Wednesday, May 21, 2008

Hurdles to Usability

One interesting piece of news: Last week, Usability/User Experience Specialist was named one of U.S. News and World Report's Best Careers. And it had a nice little write-up. Pretty nifty.

I've actually had quite a bit of fun talking about what I do over the last couple of week with my job. I've been fortunate to basically fall into a profession that I really enjoy and feel like I have some kind of aptitude for (besides teaching). However, as with any job, there are hurdles to what you do.

Now, before I elucidate some of these, let me say that I realize that everyone feels like what they do is very important, if not the most important part of the process, particularly a software/application project. I'm under no such illusions; my feeling is that requirements and usability and mockups and prototypes and architecture and development and QA are all equally important. I'm just not sure everyone feels the same way.

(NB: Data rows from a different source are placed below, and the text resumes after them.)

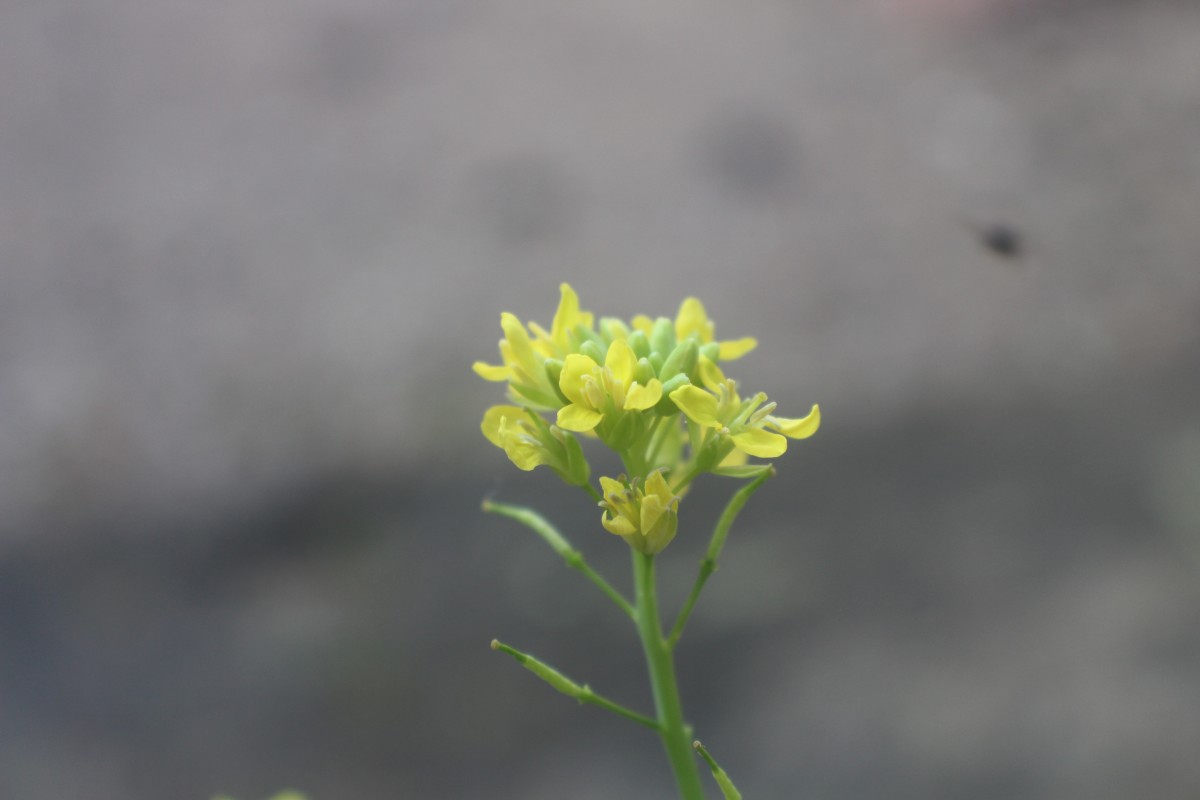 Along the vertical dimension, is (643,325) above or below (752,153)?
below

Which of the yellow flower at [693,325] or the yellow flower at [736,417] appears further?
the yellow flower at [693,325]

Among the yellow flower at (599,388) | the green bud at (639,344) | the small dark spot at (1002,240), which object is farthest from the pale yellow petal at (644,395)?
the small dark spot at (1002,240)

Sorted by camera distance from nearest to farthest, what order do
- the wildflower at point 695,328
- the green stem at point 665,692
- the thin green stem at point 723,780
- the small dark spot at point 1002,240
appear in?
the thin green stem at point 723,780
the green stem at point 665,692
the wildflower at point 695,328
the small dark spot at point 1002,240

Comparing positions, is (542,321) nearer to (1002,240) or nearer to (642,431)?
(1002,240)

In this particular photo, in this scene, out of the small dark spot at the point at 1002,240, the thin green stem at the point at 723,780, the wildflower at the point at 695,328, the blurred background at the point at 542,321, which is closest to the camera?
the thin green stem at the point at 723,780

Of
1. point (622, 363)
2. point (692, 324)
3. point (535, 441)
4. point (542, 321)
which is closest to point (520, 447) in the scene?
point (535, 441)

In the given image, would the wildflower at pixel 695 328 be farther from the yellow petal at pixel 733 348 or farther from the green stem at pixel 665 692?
the green stem at pixel 665 692

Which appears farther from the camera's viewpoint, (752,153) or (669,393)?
(752,153)

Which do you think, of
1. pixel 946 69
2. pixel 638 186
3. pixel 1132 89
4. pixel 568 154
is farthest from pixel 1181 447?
pixel 568 154
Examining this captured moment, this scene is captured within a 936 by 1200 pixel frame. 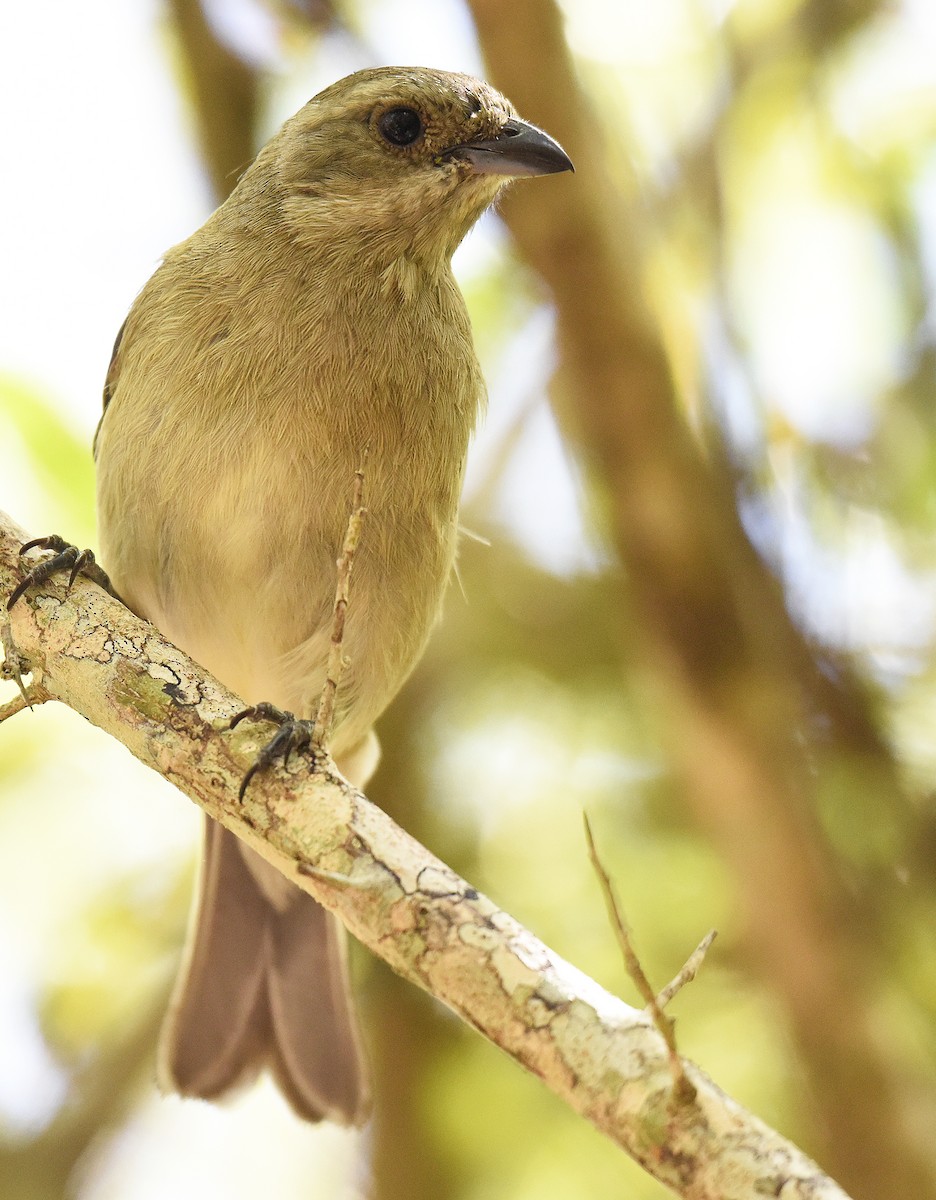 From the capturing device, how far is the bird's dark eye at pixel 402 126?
3.08 meters

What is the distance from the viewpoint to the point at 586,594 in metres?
4.12

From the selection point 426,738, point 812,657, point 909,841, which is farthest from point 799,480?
point 426,738

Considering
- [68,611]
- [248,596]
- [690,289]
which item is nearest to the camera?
[68,611]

OK, the first hurdle to usability that I see is one of perception. Because usability is a growing field and one that doesn't have the same amount of roots that disciplines like QA and coding do, it is very easy for usability to be marginalized in the software cycle. Part of this is a lack of understanding about what usability is. In some ways, I think it's very easy for people to look at us as simply web designers. We get requirements and we implement them in a visually pleasing manner. Is that an aspect of what we do? Yes, it is. However, it's only a part of what we do. We also have to consider navigation: how people will get to the different areas of the application/site. Links? Tabs? Both? And why make the choice that we do? Why use certain colors? In using those colors, have we considered color-blind users? Have we considered the audience and their age and familiarity with the web and "understood" web-conventions?

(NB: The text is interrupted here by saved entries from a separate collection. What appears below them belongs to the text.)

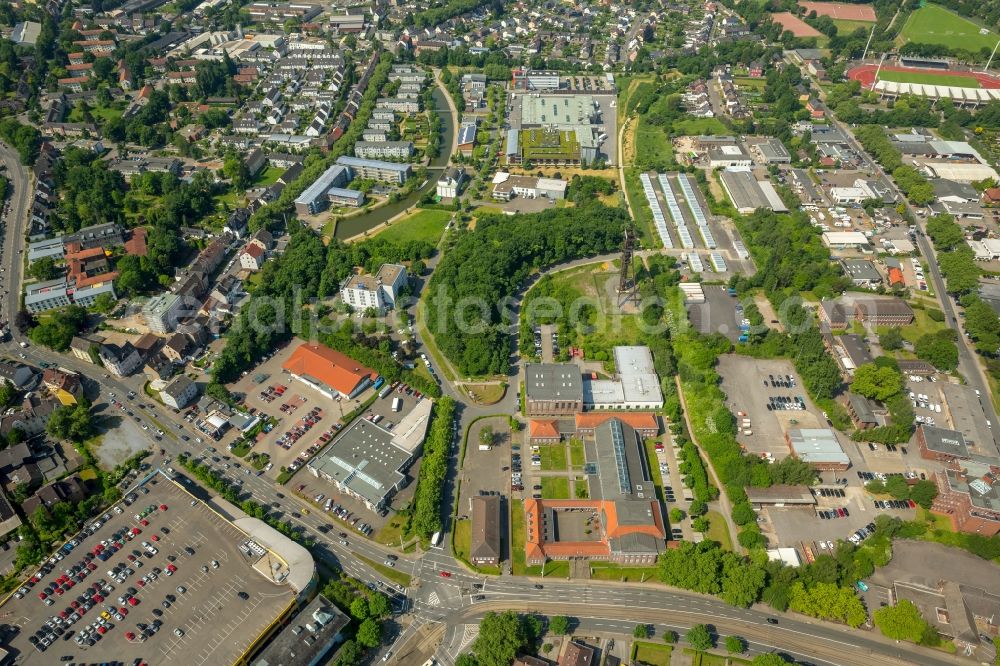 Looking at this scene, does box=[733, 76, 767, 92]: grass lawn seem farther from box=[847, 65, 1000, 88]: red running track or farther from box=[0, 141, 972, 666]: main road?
box=[0, 141, 972, 666]: main road

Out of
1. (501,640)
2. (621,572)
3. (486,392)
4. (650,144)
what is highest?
(650,144)

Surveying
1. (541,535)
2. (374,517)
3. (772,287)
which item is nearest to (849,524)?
(541,535)

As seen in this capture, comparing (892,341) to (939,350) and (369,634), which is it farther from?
(369,634)

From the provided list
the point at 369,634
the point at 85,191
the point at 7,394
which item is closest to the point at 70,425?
the point at 7,394

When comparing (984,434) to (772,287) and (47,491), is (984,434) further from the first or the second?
(47,491)

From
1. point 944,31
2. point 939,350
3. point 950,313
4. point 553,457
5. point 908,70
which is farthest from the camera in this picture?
point 944,31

People and groups that do usability are not simply mock-up factories. The mock ups that we deliver are the easiest piece to judge, but they are merely a reflection of the background work that has to go into making them and the considerations that have to take place.

And I think that's the other issue with the perception of usability. Because people don't fully understand it yet, they reduce it to the lowest common denominator, and honestly, people don't think web/application design is really that hard. Much like people don't think running sound is really that hard. "Just turn it up. What's the big deal?" "Just put a button there. What's the big deal?" And because people think it's easy, they don't always understand the complexity of the situations. It just doesn't seem as difficult as coding, for instance.

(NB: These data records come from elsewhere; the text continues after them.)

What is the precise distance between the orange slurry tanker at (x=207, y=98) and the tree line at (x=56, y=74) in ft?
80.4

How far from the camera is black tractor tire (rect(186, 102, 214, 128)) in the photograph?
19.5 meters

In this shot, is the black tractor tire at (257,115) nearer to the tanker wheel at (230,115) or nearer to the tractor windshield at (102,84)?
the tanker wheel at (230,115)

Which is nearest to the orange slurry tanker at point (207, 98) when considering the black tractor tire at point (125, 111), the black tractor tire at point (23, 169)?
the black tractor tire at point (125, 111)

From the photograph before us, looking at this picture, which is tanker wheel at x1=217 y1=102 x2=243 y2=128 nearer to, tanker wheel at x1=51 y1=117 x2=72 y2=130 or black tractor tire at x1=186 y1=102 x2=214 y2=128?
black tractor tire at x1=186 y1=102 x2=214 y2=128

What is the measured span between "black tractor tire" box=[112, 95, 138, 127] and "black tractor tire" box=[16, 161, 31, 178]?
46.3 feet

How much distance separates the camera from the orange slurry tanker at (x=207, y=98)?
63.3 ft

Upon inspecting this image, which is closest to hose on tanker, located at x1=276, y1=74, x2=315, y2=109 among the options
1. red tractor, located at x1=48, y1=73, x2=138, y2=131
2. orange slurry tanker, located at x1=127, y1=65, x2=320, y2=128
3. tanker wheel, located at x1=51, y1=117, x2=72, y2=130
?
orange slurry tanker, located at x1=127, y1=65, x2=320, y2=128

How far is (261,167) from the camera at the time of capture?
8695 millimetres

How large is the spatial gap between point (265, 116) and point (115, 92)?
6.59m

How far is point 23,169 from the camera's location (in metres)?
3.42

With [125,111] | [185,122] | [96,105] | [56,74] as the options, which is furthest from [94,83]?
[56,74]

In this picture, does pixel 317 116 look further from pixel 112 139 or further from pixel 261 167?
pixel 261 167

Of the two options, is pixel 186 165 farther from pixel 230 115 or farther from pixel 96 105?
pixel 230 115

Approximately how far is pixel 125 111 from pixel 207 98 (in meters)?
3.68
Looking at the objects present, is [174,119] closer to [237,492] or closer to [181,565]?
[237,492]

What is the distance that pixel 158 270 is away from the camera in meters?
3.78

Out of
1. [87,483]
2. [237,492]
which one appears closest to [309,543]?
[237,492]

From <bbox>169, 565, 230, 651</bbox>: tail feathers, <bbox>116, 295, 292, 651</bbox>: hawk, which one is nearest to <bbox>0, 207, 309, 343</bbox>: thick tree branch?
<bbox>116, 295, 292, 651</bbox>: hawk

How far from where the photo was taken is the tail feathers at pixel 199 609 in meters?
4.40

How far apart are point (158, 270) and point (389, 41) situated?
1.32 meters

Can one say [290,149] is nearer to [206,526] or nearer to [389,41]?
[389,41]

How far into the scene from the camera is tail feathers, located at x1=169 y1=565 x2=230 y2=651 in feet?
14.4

Which leads us to the other hurdle: time. In the business environment I'm in, time is money. Especially since we don't bill hours to external clients. As a result, everything must be done in as rapid a timeframe as possible. With a huge focus on deadlines, sometimes ones that seem arbitrary, and sometimes externally driven, there's a lot of pressure to get the mock ups done and on to architecture and development. Which is understandable, of course. The goal is to produce products as quickly as possible to produce more products as quickly as possible. However, the difficulty in that is simply that if you rush a design process, you can marginalize the quality of it. And that doesn't do anyone any good: users, product owners, designers, developers, anyone. While I understand we're in a fast-paced world, some consideration the other way has to be taken as well.

So those are the two biggest hurdles I see to good implementation of usability. I hope it doesn't seem like I'm complaining. I think those hurdles are starting to be overcome in general and I hope that usability continues to grow in prominence and acceptance as a valuable part of the software development cycle.